"The Big Crowd" (Houghton Mifflin Harcourt), by Kevin Baker.
Kevin Baker keeps on finding new veins to mine for New York City's history. Already known for his "City of Fire" trilogy of historical novels featuring immigrants, sweatshop workers and the marginalized people who built the city, Baker's new book, "The Big Crowd," is a sort of City Hall noir novel.
In 1953, idealistic prosecutor Tom O'Kane's sleuthing leads him to find out by degrees the truth about his idolized older brother, Charlie, back when he was a district attorney and then mayor of New York City. The city never had a Mayor Charlie O'Kane (though it did have a Mayor William O'Dwyer with a very similar biography), but the fictitious brothers rub shoulders with real-life mid-20th century wheeler-dealers ranging from master builder Robert Moses to Cardinal Spellman. As Tom O'Kane learns more about his charismatic but flawed brother, more is revealed about the seamier side of the men who run the city, or as one character calls them "gangsters with better suits."
Too many historical fiction writers rely on gimmicks (Freud solves a murder mystery with help from Viennese circus acrobats!), but Baker has always been more interested in using historical events as a jumping-off point to explore the layers of the city.

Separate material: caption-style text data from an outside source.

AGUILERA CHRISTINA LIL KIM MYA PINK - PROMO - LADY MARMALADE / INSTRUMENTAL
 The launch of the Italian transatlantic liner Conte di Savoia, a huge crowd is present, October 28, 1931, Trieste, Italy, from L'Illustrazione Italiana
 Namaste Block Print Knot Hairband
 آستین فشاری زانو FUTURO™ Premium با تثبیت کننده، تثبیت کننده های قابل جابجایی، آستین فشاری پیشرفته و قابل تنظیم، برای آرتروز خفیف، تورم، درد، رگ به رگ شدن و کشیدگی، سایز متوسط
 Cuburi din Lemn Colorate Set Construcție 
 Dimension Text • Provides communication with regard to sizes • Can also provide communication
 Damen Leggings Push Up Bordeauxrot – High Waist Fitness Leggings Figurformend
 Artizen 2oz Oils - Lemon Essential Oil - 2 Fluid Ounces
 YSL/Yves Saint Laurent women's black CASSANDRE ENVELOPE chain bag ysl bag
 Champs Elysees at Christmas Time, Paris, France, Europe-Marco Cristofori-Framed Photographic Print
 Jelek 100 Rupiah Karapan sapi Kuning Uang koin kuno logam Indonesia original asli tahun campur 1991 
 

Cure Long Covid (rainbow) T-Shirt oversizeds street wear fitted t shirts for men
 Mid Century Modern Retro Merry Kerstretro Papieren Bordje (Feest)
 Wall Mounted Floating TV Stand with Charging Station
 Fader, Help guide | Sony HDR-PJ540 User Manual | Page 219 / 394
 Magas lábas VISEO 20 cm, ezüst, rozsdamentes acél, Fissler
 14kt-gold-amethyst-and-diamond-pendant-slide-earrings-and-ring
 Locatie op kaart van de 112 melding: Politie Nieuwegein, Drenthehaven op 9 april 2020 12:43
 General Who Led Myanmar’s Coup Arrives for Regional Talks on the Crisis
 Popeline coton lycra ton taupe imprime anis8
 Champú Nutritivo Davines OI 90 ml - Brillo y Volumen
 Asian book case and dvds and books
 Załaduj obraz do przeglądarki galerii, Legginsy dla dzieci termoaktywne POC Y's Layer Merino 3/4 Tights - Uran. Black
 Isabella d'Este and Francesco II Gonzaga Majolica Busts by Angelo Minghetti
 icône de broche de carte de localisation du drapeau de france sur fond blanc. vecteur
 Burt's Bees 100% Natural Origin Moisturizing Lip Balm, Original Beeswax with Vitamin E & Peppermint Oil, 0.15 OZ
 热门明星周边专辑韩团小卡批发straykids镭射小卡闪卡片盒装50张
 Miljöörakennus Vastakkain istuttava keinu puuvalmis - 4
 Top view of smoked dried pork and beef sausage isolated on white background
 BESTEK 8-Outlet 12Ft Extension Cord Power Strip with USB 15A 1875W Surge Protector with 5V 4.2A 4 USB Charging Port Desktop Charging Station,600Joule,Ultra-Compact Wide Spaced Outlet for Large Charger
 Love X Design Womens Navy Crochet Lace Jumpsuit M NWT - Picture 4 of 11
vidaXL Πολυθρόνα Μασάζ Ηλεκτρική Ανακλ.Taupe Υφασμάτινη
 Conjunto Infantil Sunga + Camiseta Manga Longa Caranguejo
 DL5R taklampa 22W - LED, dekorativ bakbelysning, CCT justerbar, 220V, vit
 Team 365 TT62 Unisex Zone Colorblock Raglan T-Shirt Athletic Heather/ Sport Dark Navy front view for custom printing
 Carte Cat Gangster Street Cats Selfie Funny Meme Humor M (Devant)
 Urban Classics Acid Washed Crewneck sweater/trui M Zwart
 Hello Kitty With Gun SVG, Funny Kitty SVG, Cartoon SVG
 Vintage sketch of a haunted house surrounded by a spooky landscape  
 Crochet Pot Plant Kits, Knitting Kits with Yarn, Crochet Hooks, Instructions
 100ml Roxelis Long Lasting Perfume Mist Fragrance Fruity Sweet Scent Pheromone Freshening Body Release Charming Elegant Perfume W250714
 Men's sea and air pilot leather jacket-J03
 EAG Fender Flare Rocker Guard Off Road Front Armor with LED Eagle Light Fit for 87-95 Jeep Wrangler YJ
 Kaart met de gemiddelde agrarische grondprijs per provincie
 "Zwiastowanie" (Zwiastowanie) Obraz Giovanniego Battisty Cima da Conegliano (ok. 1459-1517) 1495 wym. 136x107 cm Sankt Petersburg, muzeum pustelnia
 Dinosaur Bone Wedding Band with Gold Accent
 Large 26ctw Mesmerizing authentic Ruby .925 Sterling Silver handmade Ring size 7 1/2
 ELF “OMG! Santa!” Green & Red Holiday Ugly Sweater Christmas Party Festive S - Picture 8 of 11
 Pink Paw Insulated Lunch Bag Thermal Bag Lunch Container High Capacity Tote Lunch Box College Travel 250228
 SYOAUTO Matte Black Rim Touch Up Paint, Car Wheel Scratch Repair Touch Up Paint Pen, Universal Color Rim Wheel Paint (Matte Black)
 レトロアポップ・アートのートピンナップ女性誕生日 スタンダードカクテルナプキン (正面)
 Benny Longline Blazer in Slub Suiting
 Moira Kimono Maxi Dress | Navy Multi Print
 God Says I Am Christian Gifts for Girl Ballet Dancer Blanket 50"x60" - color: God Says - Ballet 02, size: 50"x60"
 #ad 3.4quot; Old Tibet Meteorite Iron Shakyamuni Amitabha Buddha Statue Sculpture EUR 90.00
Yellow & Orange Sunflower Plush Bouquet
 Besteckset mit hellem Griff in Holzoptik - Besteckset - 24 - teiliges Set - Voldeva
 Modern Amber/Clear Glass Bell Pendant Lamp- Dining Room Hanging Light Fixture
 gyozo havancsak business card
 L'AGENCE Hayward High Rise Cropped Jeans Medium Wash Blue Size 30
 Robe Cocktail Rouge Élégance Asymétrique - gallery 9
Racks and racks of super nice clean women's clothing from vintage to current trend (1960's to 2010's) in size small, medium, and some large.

In this book, the 1939 killing of the charismatic longshoreman champion Peter Panto becomes an entry point for describing a waterfront dominated by corrupt bosses and their goons. And the 1941 death of mobster turned stool pigeon Abe Reles is a vehicle to explore the city's robust underworld. Reles plunged to his death from a hotel window in a Coney Island hotel while under heavy police protection. Baker weighs in on the lingering debate on whether he was pushed or was trying to escape.
There are weak links in the book, particularly the romantic relationship between Tom O'Kane and his brother's estranged wife, Slim. The relationship adds little to the story and the dialogue between the pair sometimes sounds like it clanked on over from a dime novel.
But Baker is a fluid writer with a clear grasp of history who can make vivid the scene of Toots Shor's legendary joint or the apartment of a Bronx family being displaced by the Cross Bronx Expressway.